What you are asked to do: The required output is all lines below that contain the word "Building".

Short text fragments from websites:
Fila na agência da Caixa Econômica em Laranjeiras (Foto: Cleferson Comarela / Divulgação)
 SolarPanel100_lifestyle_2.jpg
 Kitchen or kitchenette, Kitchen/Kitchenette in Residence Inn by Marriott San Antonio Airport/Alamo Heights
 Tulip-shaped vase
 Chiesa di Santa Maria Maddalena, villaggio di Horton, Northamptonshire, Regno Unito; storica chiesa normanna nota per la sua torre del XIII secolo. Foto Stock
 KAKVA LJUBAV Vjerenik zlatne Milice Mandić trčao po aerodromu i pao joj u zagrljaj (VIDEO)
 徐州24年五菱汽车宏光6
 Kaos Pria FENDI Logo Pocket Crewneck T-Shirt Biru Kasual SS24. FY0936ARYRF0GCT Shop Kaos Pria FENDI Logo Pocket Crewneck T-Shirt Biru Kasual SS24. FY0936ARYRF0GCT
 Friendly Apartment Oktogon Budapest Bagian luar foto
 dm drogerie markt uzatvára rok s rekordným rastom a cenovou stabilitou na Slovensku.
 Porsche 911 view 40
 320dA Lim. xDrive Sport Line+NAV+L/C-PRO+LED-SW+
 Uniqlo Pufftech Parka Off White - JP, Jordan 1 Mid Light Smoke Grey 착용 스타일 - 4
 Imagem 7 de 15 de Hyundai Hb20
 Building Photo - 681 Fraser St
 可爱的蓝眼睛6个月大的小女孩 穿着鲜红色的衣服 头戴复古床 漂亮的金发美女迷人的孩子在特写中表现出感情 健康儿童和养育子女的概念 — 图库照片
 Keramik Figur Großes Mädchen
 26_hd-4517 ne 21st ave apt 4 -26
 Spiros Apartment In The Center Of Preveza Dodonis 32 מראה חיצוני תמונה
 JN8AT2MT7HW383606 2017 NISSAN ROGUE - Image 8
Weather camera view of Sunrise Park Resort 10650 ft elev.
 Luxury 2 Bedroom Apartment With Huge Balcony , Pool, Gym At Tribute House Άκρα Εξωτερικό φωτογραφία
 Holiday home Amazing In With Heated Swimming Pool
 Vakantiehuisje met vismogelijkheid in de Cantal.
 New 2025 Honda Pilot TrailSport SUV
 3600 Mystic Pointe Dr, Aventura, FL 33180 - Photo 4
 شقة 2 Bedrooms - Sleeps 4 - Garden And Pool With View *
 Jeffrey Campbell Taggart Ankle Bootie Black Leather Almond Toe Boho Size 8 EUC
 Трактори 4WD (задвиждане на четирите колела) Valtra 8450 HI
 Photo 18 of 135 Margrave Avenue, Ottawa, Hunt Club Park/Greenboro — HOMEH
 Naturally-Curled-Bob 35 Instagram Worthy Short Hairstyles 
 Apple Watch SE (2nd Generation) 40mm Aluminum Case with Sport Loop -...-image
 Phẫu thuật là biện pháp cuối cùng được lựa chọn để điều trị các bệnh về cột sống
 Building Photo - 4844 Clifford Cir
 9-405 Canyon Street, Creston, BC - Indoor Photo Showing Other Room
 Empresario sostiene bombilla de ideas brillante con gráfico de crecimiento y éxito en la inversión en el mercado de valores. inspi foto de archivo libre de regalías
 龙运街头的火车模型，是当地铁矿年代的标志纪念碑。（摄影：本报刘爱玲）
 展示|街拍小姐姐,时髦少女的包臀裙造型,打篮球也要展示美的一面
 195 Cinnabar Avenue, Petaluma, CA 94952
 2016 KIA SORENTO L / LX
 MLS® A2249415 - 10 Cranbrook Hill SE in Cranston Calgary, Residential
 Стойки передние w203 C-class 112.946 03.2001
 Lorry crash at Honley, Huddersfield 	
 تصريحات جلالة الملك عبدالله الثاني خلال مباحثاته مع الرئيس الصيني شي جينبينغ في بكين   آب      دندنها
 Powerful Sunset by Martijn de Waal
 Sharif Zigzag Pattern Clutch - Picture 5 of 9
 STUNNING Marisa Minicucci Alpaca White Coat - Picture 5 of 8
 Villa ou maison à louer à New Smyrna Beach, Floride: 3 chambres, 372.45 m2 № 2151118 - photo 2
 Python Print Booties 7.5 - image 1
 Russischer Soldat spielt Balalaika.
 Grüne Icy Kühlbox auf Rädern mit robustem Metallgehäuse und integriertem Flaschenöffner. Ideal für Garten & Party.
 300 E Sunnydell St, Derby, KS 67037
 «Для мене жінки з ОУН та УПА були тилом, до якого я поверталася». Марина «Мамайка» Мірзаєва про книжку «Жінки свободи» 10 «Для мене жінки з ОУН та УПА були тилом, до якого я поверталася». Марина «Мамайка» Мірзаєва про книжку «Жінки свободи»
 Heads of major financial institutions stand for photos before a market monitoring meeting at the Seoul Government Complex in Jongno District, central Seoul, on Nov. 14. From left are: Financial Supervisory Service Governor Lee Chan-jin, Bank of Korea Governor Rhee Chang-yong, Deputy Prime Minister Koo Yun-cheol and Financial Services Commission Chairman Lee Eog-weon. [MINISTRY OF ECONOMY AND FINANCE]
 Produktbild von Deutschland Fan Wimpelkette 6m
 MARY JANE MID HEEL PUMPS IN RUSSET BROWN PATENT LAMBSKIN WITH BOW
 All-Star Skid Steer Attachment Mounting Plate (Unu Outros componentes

Written response:
 Building Photo - 681 Fraser St
 Building Photo - 4844 Clifford Cir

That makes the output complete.